We had another client who came in [whose] dog kept destroying the house. And I [asked] "What do you do after he chews up your furniture?" And she [said] "Well, I point to it, and I tell him no, do not do this, and he keeps doing it. I yell and yell and yell, do not do this, bad, bad dog."

But [she's] pointing to the object, and so I explained to her that the dog didn't understand when you point to this object, that you're saying not to do it. All he sees is, she's pointing to this object and yelling at me. I don't know why she's yelling at me. This makes me really sad. And so we went over how to properly train dogs not to chew on things, we talked about the leave it command, the drop it command.
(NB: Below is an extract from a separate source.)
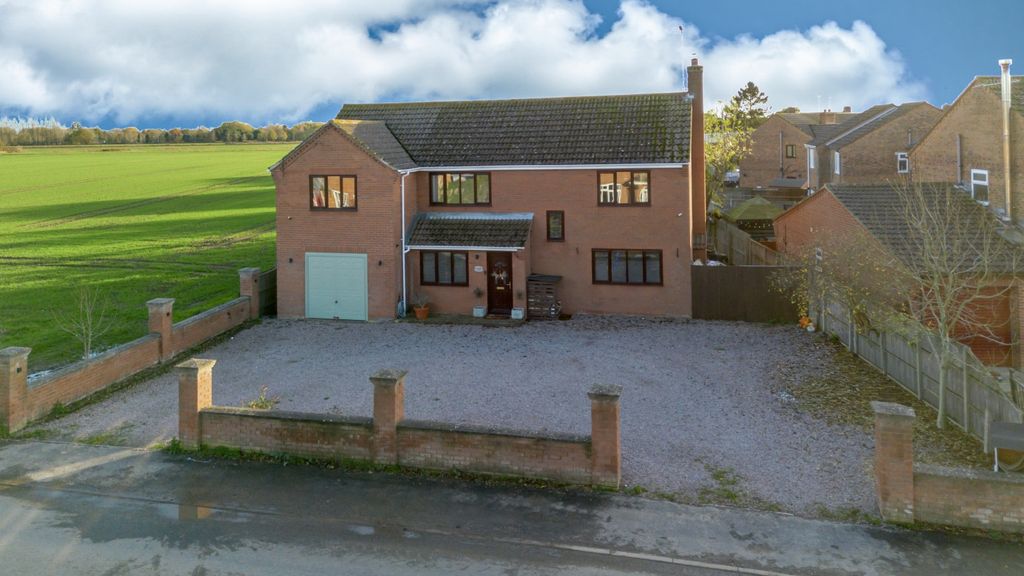 Property photo 1 of 37 Ewemove Spalding - Pinchbeck - Front Of House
And she went back, tried it, and she came back and said it worked.

Aleah with Admissions CounseloresQ: What is the best way for people to reach the Admissions staff?

A: They can email us: admissions@nycacc.org. That will send the email to every Admissions Counselor, so [we] can respond to you quickly. They can always come in as well. If they want to avoid all that, we can do our counseling via email.

Q: How many animals has the Admissions department been able to help since its launch on July 1?

A: From the launch on July 1 through December, we wanted to keep at least 150 animals from being surrendered to AC&C. We met that goal in early August. As of Monday [August 25] we have prevented 190 animals from going to Animal Care & Control. These are animals [whose] people came in, they wanted to surrender their pets, and then they left with their pets.

Q: Do you have a new goal now for the rest of the year?

A: By the end of December AC&C wants to prevent at least 350 animals from being surrendered.

[Editor’s Note: If surrender is inevitable, AC&C’s Admissions department can also work with individuals to defer intakes, allowing AC&C to seek placement for animals while they remain in the comfort of their homes. In addition, AC&C can match certain types of pets directly with private rescue organizations that may be able to secure placement for an animal instead of first entering AC&C. These deterred intakes are not included in the above goal].

Q: Can you tell me a little about yourself? How did you get involved with animal sheltering?

A: I've always wanted to work with animals, ever since I was a child. When I was 16 I had my first job actually working with animals, it was in a dog daycare. That's where I learned more about dog behavior. I would also volunteer at the animal shelters in Atlanta. After that, when I went to college I thought I wanted to be a vet at first. So I took pre-vet courses.

Then I started volunteering with rescue. I volunteered at the local SPCA and with [Cornell’s vet school] research department, socializing animals that they were going to place for adoption. It taught me behavior modification for dogs, cats, rabbits, and horses, and it also [made] me realize that I wanted to focus more on rescue.

When I graduated I moved back to Atlanta and I worked for Atlanta Humane Society for two years as an Adoption Counselor. That's where I really got my passion for educating people about animal welfare.